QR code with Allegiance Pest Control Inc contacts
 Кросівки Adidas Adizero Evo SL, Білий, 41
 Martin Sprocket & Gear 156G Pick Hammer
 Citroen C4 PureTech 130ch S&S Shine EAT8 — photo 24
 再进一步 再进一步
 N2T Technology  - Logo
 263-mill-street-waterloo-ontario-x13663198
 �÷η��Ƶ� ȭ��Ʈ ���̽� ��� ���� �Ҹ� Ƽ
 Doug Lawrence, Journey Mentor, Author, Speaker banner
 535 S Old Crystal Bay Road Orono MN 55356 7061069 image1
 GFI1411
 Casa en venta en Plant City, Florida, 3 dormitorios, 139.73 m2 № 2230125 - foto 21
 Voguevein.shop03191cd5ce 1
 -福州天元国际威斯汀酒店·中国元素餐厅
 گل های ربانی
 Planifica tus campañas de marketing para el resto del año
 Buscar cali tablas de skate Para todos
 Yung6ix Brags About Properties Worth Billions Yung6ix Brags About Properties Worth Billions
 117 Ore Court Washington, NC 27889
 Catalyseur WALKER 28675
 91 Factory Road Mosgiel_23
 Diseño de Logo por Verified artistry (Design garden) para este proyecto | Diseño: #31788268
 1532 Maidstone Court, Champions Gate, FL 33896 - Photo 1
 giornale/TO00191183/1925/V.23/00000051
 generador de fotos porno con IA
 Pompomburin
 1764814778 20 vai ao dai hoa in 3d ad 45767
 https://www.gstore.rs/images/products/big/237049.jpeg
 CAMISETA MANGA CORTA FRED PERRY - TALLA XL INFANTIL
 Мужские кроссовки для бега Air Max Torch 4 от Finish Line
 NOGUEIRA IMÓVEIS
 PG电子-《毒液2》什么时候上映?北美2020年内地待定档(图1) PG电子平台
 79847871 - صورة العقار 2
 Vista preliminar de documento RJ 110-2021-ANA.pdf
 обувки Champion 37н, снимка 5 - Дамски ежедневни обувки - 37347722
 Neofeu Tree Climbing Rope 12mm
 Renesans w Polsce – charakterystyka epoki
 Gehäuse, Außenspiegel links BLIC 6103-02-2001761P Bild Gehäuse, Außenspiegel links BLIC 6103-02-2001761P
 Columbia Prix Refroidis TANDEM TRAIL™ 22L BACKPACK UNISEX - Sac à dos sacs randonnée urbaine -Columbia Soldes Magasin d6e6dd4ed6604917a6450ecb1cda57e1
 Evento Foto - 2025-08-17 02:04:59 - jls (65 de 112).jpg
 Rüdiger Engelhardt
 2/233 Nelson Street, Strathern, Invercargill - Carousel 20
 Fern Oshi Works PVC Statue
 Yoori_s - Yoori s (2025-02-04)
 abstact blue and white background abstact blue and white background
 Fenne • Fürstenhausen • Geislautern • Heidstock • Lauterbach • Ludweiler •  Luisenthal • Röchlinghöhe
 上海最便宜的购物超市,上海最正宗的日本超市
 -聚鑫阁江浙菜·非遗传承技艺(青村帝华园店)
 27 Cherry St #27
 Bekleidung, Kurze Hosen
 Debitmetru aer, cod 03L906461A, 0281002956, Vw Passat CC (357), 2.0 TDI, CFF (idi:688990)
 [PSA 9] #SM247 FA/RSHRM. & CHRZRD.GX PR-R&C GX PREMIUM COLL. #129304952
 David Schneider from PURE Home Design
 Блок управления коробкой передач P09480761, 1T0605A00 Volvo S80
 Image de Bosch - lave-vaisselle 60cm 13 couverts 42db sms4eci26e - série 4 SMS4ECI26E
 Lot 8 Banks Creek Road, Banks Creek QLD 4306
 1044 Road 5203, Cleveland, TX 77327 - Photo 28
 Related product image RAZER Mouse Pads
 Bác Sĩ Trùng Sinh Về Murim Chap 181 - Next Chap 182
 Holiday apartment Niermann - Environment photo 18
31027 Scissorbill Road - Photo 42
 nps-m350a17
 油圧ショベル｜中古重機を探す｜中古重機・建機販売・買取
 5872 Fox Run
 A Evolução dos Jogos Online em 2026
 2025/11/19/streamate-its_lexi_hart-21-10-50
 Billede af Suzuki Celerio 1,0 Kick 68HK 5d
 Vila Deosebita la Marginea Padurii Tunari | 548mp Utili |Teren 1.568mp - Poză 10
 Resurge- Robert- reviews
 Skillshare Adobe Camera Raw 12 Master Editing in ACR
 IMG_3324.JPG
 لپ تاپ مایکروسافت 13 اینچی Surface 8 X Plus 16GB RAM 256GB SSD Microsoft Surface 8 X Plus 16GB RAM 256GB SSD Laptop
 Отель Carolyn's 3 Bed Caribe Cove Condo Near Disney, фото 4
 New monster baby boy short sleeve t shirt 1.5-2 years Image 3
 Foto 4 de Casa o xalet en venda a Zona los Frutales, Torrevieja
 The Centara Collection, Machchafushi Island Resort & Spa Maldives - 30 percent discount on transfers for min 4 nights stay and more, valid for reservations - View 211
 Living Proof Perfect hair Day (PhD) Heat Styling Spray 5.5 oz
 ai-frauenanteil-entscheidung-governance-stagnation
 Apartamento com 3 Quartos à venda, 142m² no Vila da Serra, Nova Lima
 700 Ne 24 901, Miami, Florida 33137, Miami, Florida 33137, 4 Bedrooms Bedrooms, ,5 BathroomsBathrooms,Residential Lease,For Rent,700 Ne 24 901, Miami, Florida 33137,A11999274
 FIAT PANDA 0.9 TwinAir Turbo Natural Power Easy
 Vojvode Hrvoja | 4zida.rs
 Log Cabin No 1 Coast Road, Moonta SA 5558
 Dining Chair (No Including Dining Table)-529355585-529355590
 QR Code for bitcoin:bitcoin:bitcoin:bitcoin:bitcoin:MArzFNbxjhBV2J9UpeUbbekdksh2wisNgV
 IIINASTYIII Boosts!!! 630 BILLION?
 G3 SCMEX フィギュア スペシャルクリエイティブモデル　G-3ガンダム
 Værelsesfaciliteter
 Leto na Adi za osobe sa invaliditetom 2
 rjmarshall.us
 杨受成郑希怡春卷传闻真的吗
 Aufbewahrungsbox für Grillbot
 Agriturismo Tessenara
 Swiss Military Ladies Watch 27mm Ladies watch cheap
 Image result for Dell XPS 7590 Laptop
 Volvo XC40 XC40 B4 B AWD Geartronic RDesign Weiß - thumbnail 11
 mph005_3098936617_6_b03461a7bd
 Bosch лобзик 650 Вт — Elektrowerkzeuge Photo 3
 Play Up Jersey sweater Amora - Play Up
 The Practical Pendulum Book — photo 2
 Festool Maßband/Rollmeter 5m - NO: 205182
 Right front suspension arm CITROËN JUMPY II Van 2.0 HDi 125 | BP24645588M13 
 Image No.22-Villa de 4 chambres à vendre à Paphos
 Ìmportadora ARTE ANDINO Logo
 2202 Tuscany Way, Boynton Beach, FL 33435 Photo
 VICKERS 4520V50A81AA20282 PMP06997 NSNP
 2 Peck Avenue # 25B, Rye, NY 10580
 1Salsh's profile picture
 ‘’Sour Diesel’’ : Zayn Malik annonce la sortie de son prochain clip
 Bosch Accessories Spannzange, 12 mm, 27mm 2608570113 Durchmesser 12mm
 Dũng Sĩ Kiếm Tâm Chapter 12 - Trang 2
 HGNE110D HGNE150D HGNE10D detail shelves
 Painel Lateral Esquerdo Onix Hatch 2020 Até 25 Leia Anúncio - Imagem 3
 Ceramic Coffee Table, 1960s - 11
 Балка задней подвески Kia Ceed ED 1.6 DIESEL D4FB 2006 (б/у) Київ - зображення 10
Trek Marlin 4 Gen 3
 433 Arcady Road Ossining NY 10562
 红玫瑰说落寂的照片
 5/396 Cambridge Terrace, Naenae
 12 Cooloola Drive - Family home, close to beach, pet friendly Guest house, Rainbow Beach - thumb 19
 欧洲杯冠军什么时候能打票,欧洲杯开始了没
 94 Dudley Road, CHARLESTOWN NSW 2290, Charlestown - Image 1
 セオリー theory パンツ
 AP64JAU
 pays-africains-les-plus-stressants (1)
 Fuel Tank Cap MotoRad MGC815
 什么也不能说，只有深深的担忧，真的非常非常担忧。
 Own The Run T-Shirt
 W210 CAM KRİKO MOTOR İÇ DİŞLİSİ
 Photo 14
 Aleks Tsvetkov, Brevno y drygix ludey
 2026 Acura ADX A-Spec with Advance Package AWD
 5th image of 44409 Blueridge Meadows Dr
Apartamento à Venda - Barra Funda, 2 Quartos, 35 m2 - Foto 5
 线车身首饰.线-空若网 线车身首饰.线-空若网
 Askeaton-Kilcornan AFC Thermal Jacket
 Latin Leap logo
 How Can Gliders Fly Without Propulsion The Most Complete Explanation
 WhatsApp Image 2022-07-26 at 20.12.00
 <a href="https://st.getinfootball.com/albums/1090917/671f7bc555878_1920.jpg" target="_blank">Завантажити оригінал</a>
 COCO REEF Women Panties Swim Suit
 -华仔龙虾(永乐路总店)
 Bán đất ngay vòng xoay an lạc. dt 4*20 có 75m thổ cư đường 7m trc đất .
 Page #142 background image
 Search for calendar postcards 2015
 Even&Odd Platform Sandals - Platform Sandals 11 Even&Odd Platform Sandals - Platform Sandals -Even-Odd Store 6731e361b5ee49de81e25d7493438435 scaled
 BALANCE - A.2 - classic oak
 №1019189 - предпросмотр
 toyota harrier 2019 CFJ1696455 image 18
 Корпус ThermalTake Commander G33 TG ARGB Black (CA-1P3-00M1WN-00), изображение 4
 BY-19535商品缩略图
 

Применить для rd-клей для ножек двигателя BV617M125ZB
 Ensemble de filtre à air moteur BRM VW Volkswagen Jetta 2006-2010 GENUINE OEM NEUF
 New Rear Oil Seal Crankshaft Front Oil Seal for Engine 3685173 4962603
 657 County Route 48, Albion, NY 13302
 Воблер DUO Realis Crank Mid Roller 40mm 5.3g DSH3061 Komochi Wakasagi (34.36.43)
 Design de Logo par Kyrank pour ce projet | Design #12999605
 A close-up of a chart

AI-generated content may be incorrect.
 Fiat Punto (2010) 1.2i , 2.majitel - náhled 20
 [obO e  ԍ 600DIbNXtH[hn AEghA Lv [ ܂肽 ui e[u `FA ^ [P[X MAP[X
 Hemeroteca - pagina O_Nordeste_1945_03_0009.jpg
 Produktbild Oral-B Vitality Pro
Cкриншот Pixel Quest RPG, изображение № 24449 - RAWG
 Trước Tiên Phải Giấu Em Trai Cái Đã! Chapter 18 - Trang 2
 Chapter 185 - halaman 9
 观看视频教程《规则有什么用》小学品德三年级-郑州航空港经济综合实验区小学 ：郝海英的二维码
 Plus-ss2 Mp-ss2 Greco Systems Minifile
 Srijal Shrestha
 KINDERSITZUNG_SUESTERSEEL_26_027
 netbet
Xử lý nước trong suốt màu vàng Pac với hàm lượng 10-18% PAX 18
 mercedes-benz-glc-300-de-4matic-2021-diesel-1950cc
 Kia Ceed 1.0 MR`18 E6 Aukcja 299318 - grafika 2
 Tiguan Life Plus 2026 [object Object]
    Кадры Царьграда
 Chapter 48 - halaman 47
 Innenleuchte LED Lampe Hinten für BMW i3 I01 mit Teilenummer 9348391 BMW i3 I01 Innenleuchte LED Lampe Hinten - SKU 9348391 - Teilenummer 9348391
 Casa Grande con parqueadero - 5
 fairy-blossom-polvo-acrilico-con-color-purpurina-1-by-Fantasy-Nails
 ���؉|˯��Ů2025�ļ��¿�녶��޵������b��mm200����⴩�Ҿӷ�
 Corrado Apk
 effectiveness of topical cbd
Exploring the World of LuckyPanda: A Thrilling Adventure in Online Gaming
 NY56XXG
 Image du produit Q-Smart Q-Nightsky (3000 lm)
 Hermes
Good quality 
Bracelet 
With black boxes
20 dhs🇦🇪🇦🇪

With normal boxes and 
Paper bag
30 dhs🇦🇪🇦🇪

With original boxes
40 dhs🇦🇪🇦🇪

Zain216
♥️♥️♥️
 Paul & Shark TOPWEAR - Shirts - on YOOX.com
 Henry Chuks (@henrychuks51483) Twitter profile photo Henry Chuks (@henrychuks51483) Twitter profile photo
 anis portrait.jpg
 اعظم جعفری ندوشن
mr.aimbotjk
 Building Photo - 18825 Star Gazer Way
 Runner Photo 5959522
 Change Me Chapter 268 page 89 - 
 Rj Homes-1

■ ■ ■ ■ ■

- [Assignment]: Locate the word "Casa" in the data above. Copy every line carrying it.

- [Task solution]:
 Casa en venta en Plant City, Florida, 3 dormitorios, 139.73 m2 № 2230125 - foto 21
 Foto 4 de Casa o xalet en venda a Zona los Frutales, Torrevieja
 Casa Grande con parqueadero - 5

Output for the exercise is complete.